====== The Minimax Task ======

The Bayesian formulation has some limits discussed at the {{:courses:be5b33rpz:lessons:p2rod-nonbayes.pdf|lecture}} and for certain situations one may need to formulate the problem e.g. as a Neyman-Pearson task, Wald task or a Minimax task. Out of this spectrum of problem formulations we will focus on the Minimax task here. You should be able to apply parts of the proposed solution to the other problem formulations on your own.

We will continue with our simple OCR motivation from the previous assignment. Lets consider a situation when we are trying to recognise licence plates. For simplicity we again stick to the simple two-letter alphabet and 10x10 already segmented letters. The situation in the Bayes task then corresponds to a problem of designing a recognition system for a particular crossroad where the a priori probability of the two letters is known or could be measured.

In today's assignment we aim at designing a recognition system which could be deployed //anywhere// in the Czech republic. The licence plates in different cities use different combination of the letters, so the a priori probabilities differ as well. Obviously, it is not practical to find the optimal Bayesian strategy for every camera position.

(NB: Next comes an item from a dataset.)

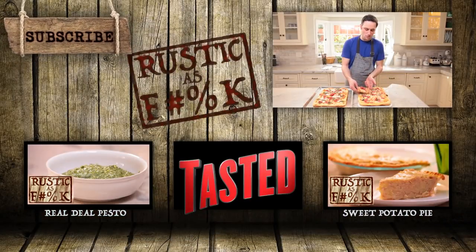Well, that's it for us today, guys. I need to wrap this thing up because our camera and filming crew would like to eat this pizza now and get me to shut up and turn the cameras off. Thanks for watching, subscribe to Tasted. I'll see you guys soon.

As you might have already guessed, the situation is ideal for the Minimax strategy. Here, the **a priori probability exists, but is not known**.

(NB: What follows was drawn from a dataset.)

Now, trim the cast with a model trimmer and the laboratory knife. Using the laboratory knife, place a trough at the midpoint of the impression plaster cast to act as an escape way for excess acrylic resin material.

We will consider two cases: (a) discrete measurements, and (b) continuous measurements. For the first case we follow the likelihood ratio based search for the optimal strategy as suggested in the lecture. For the continuous case, the solution is usually found analytically or numerically. Instead, we deliberately take a small detour and show some interesting relations to the Bayes task while deriving the optimal strategy.

<WRAP center round info>

[[https://cw.fel.cvut.cz/wiki/courses/be5b33rpz/labs/python_development|General information for Python development]].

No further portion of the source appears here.